Question
Capturing all matches of a string value from an array of regex patterns, while prioritizing closest matches
Let's say I have an array of names, along with a regex union of them:
match_array = [/Dan/i, /Danny/i, /Daniel/i]
match_values = Regexp.union(match_array)
I'm using a regex union because the actual data set I'm working with contains strings that often have extraneous characters, whitespaces, and varied capitalization.
I want to iterate over a series of strings to see if they match any of the values in this array. If I use .scan
, only the first matching element is returned:
'dan'.scan(match_values) # => ["dan"]
'danny'.scan(match_values) # => ["dan"]
'daniel'.scan(match_values) # => ["dan"]
'dannnniel'.scan(match_values) # => ["dan"]

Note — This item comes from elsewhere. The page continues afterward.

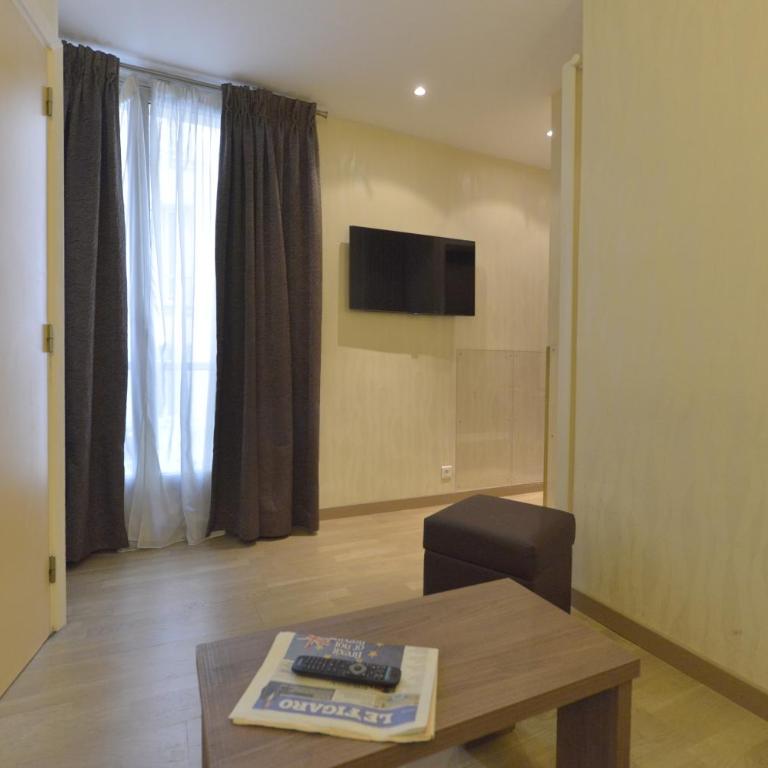 Hôtel Renoir Montparnasse - Chambre Double avec Lit d'Appoint (3 Adultes) - 3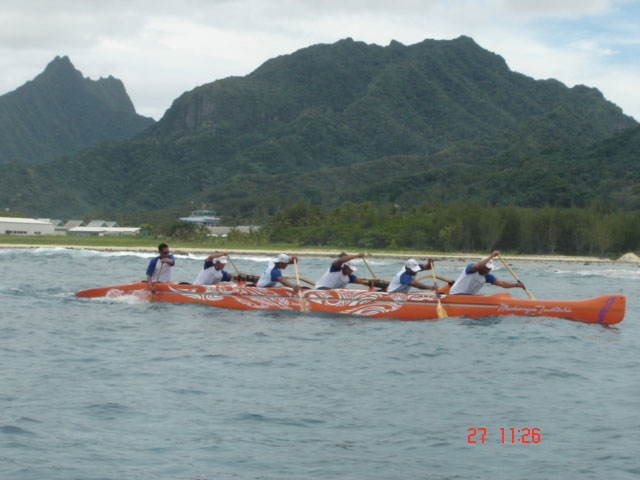 http://www.grographics.com/fiji/canoe/tafaga-roundraro.jpg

'dannyel'.scan(match_values) # => ["dan"]
I want to be able to capture all of the matches (which is why I thought to use .scan
instead of .match
), but I want to prioritize the closest/most exact matches first. If none are found, then I'd want to default to the partial matches. So the results would look like this:
'dan'.scan(match_values) # => ["dan"]
'danny'.scan(match_values) # => ["danny","dan"]
'daniel'.scan(match_values) # => ["daniel","dan"]
'dannnniel'.scan(match_values) # => ["dan"]
'dannyel'.scan(match_values) # => ["danny","dan"]
Is this possible?